Exercise goal:
Without the pictures, reproduce the entries below exactly.

Short text fragments from websites
════════════════════
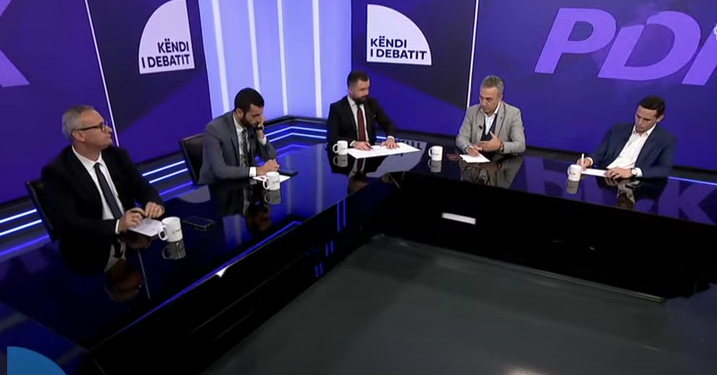 Abdullahu thotë se zëvendëskryeministri Bislimi po merret me teori konspirative e anti-amerikane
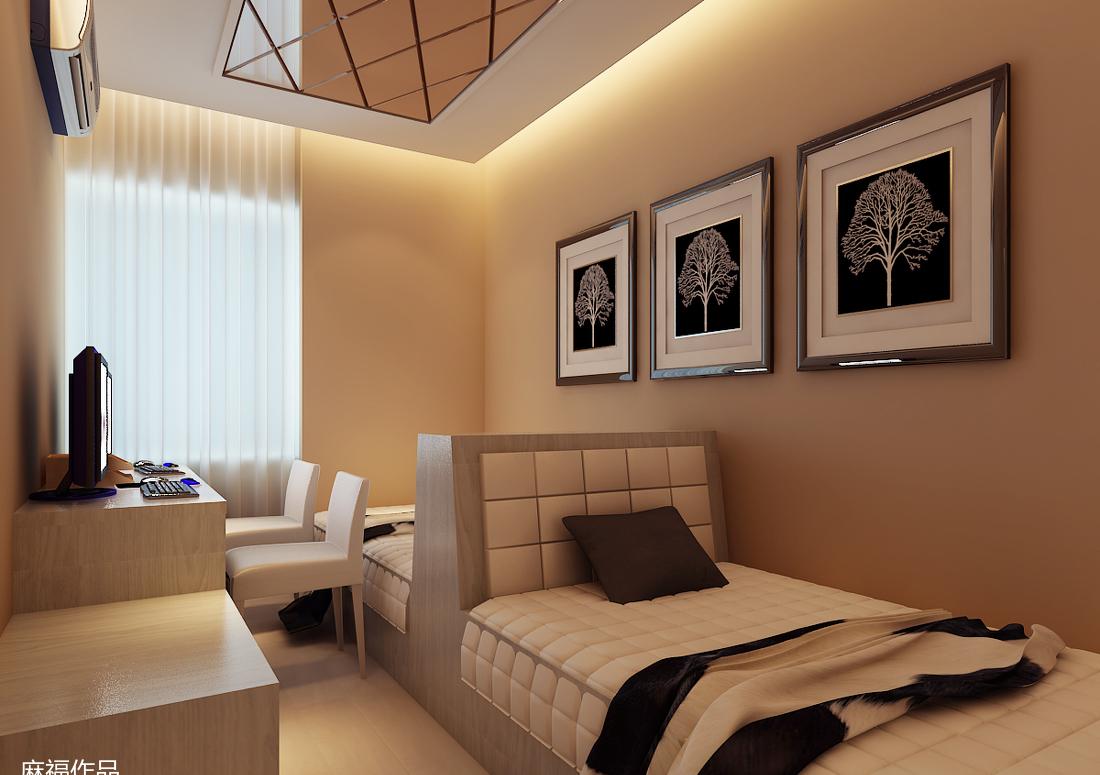 
昆区个性750㎡网吧 -14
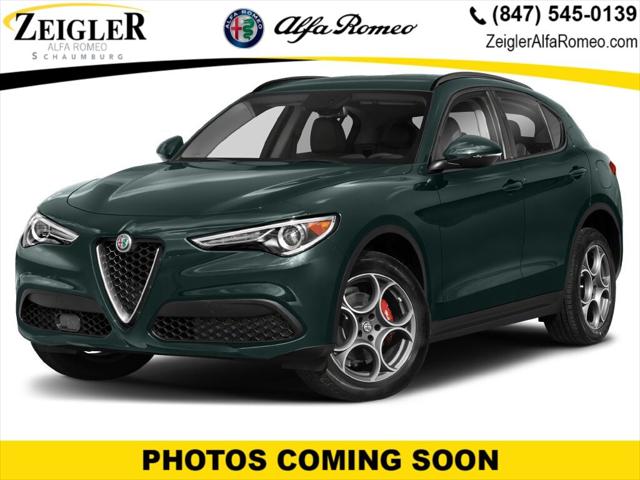 2021 Alfa Romeo Stelvio Ti AWD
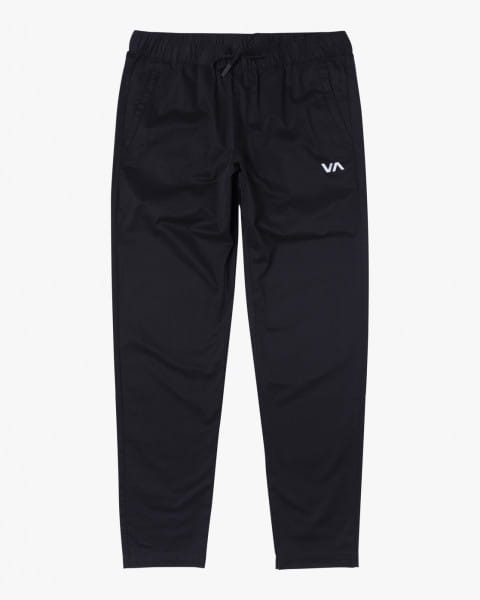 Черные мужские узкие брюки va sport spectrum
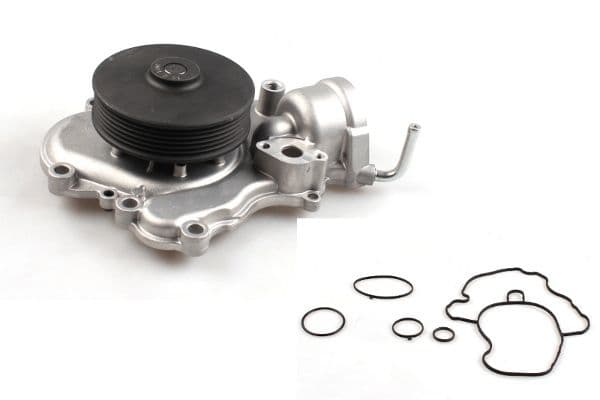 Waterpomp, met pakking past: JEEP GRAND CHEROKEE IV  MASERATI GHIBLI III, LEVANTE, QUATTROPORTE VI 3.0D 08.13-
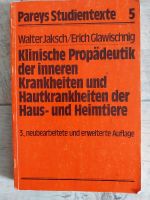 Klinische propädeutik Heim und Haustiere Niedersachsen - Sassenburg Vorschau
════════════════════
Expected answer:
 Abdullahu thotë se zëvendëskryeministri Bislimi po merret me teori konspirative e anti-amerikane
昆区个性750㎡网吧 -14
 2021 Alfa Romeo Stelvio Ti AWD
 Черные мужские узкие брюки va sport spectrum
 Waterpomp, met pakking past: JEEP GRAND CHEROKEE IV  MASERATI GHIBLI III, LEVANTE, QUATTROPORTE VI 3.0D 08.13-
 Klinische propädeutik Heim und Haustiere Niedersachsen - Sassenburg Vorschau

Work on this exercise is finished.